那是上世纪七十年代,在老屋禾场的旁边有一片方形的荒地,现在已经建起楼房了,但三十多年前,那里却是我们孩子的乐土。
还清楚地记得春夏阳光朗照的日子,十字交错稍稍隆起的土坎,将荒地分隔成一个“田”字形,里面各色树草杂陈。野绿豆藤同小灌木缠络一气,拉扯得它们抬不起头来,不知名的虫鸟潜隐里面唧唧啾啾,时而还停歇几处黄蝴蝶红蜻蜓,眼巴巴地望着远处稚气的孩子们。这以外的地方,三角枫苗生机盎然,伸出婴儿手掌般嫩红的梢叶,荫荫高树参差俯仰,母亲点种的南瓜藤从柳树蔸下蔓过来,托起杯盏形的黄花,和太阳一起竞相闪眼。角落的泥坑里蓄满水,随风摇曳起一体密密葱翠的盐茅草,泛出碎碎的金光。
最瞩目的却在荒地西侧。因为那里箭簇般地挺立起一杆杆黄花菜,有的苞蕾还未开,有的已经全开了,一瓣瓣展开,渐浓渐深地被太阳染成金红色。小学时候,每天中午放学回来,常对祖母说,再添一盘炒黄花菜吧,祖母很爽快答应后,便挎一个竹篮,带我去采摘,灿烂的阳光下,黄花菜开得真艳真美啊,我们的心情也亮堂堂的。黄花采回来后,祖母便烧开水焯,拌青椒爆炒,摆放在桌上用筷子夹起品尝时,纯然有一股阳光的味道。有时候,她还到菜地里另外摘几个红艳艳圆溜溜的大西红柿,用自家土鸡下的蛋做西红柿蛋汤,味道酸酸甜甜的,幸福洋溢在孩子们红润的面庞。

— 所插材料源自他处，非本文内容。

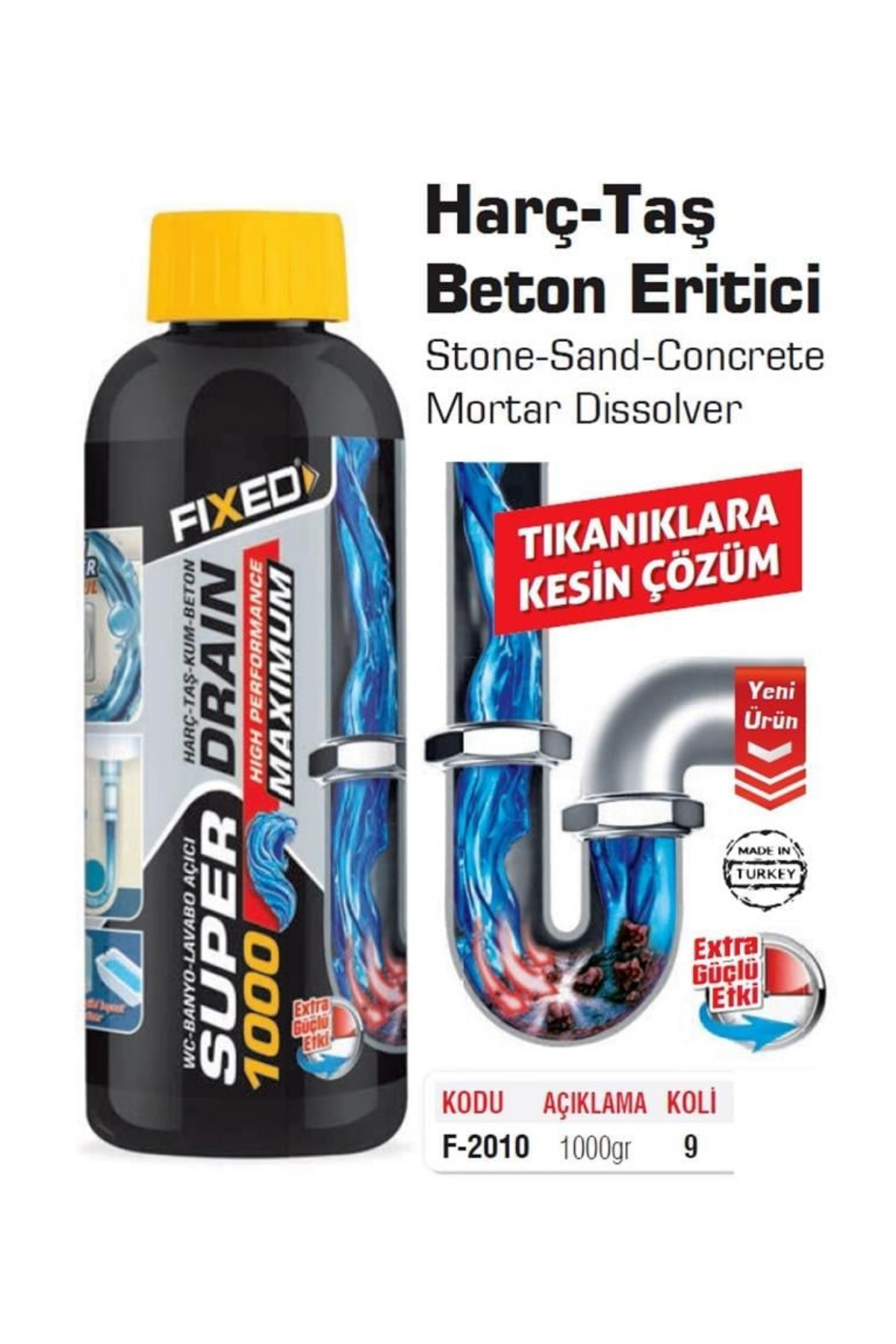 SGS HARÇ-TAŞ BETON ERİTİCİ 1000 GR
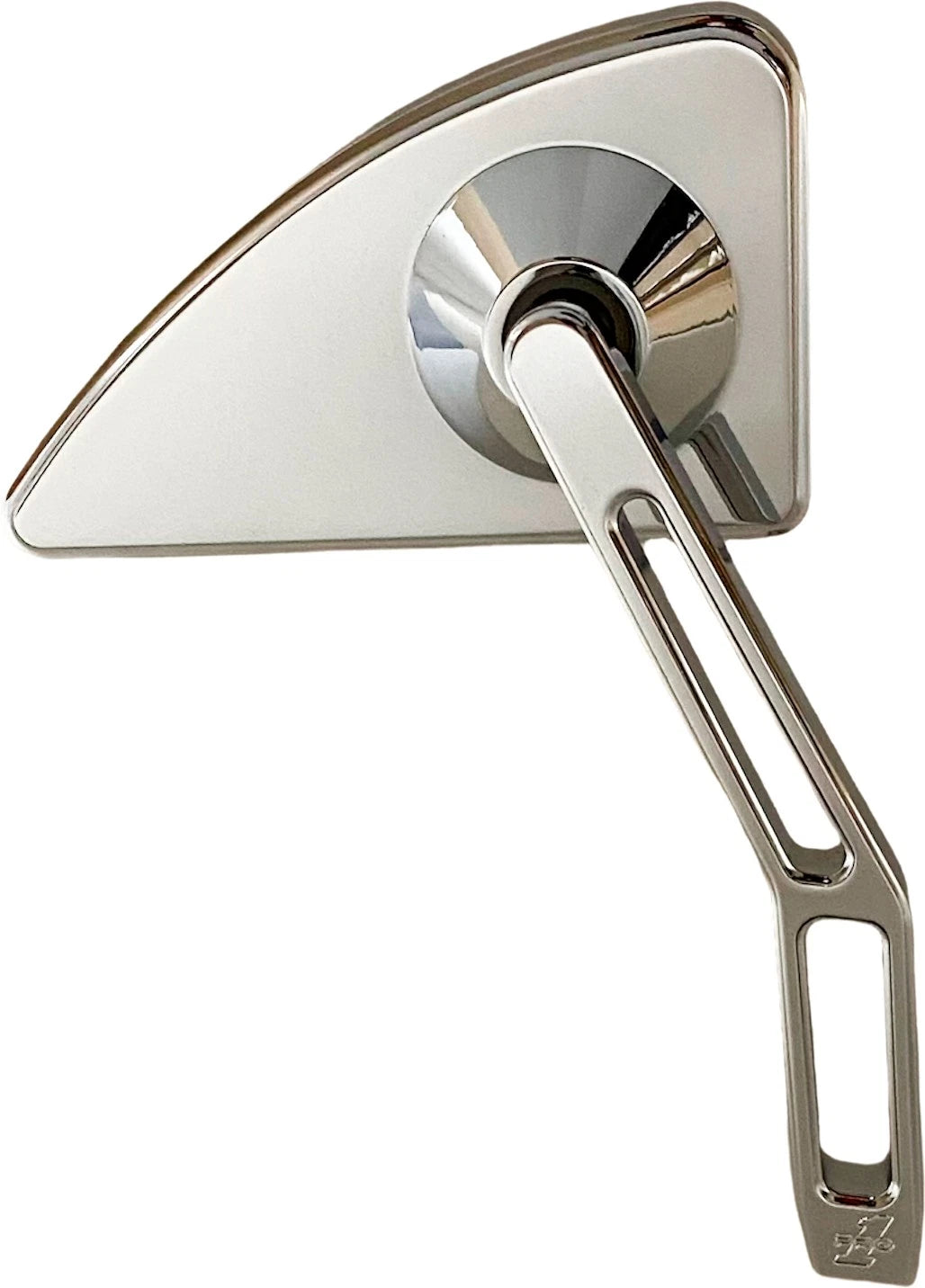Pro One Mini TD V2 Chrome Right Side Mirror for V-Twin Motorcycles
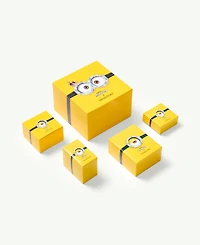 Swarovski Gold-Tone Plated Minions Stuart and Banana Drop Earrings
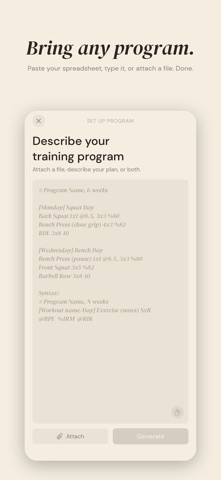 Lifting Tracker — Logbook Screenshot 5 of 5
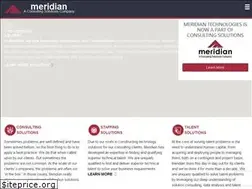 Sites similar to meridiantechnologies.net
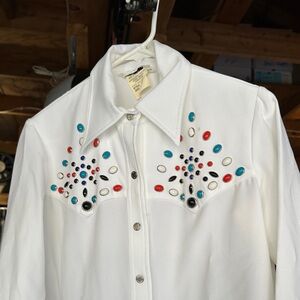 Embellished White Shirt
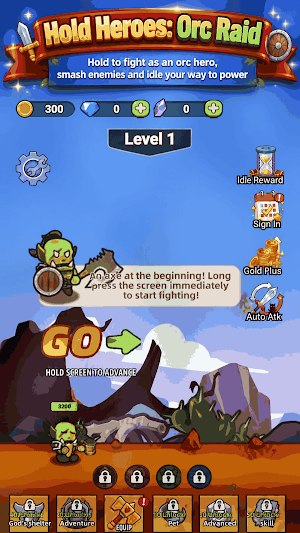 Hold Heroes: Orc Raid Screenshot 0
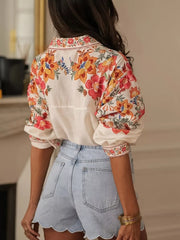 Floral Blossom Print Classic Shirt
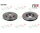 2x FTE brake disc, front axle, Ø 295 mm, for Mercedes Benz BS7509B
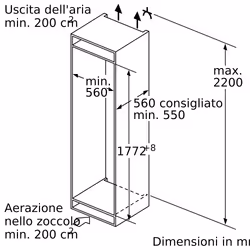 Bosch Serie 4 Congelatore monoporta da incasso, 177.2 x 55.8 cm - Vista aggiuntiva 8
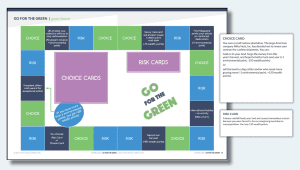 The printable board and playing cards for Go for the Green, a game for grades 9-12 on rainforest management. 
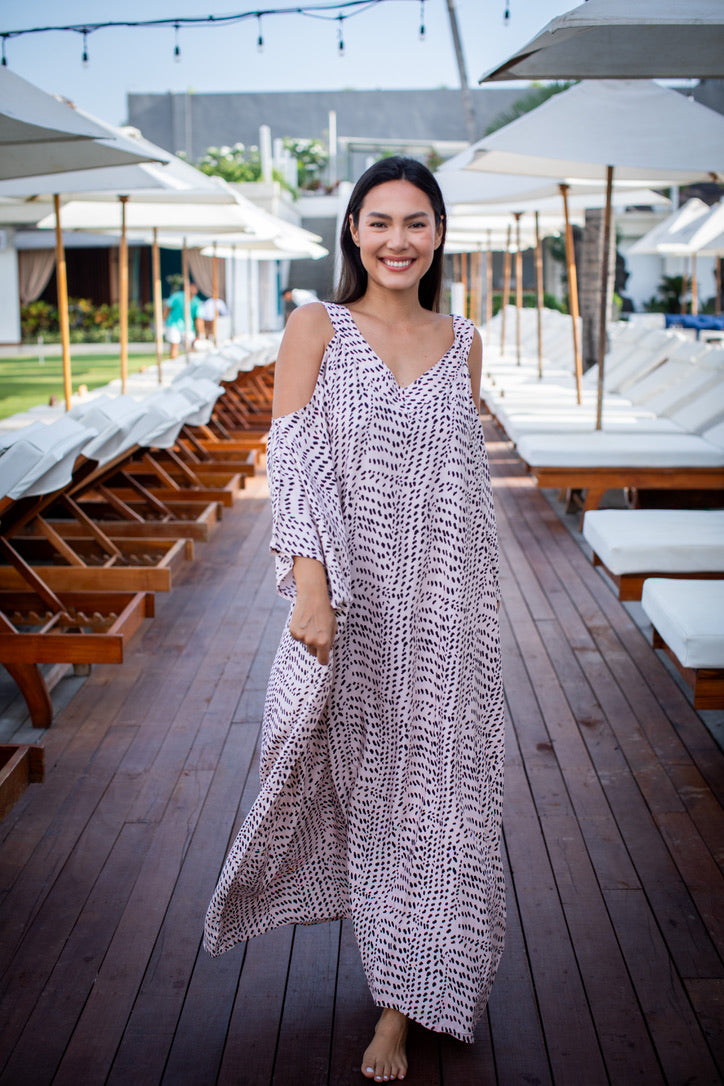 Nativa Open Shoulder Caftan
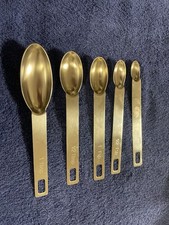 Set of 5 Heavy Duty Oval Stainless Steel Measuring Spoons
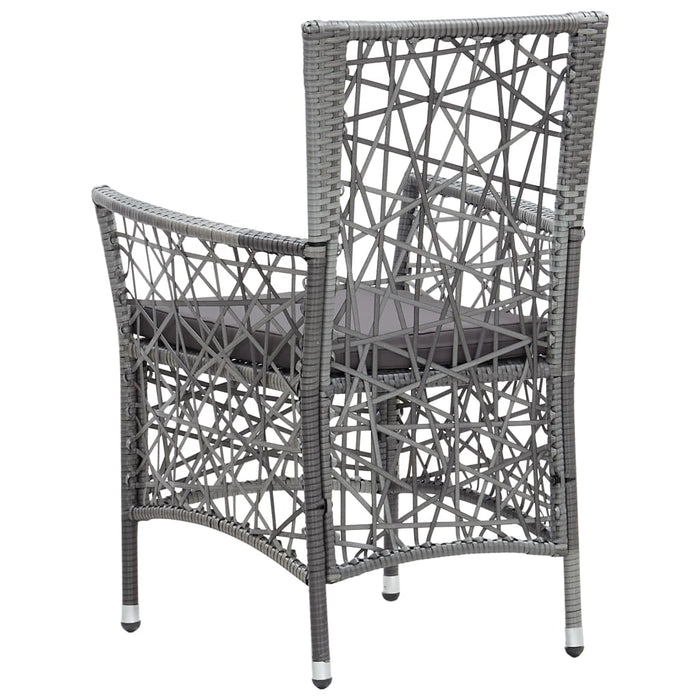 Set mobilier de exterior, 7 piese, gri, poliratan - WALTI WALTI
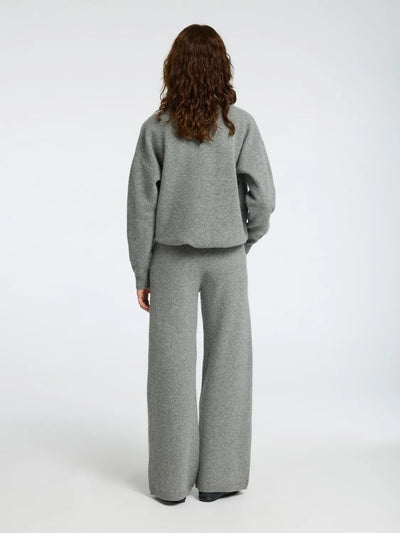 Selected femme - Trousers - Gray wool - Nukki 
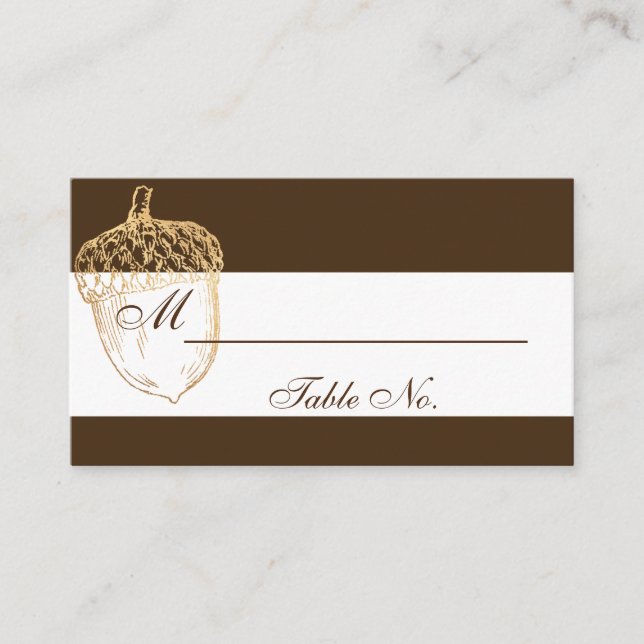 Carte De Placement PixDezines Acorns/Faux Gold/Place Cards (Devant)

吃饱后,我们就浴着明亮的阳光上学去,上学路上也无处不精彩,无处不充满着生趣。阳光下蜻蜓飞过来,到处是一片片绿油油的稻田,田埂边不时有鳝鱼拱出的孔冒着气泡,青蛙们凸眼鼓肚蹲守各处,人一走近,它们便散开两腿飞蹦出去,钻进水田里,泅一会儿又在不远处浮出来看你,似乎和你玩捉迷藏游戏。最害怕的是见到水蛇,它们突然从脚底下游走,弯弯曲曲地在田间游弋,擦得秧苗乎乎作响,吓得孩子们一阵惊叫跑开。
终于到上坡岭了,抬眼看太阳,下午第一节课打铃的时间还早,路两边旱地里的红薯农人已经收挖了,我们便用木棍手指抠刨未收干净的红薯吃,土气热烘烘地暖着孩子们穿凉鞋的脚板,收获往往丰厚,那生红薯的清甜脆爽的,品咂出丝缕童年的幸福。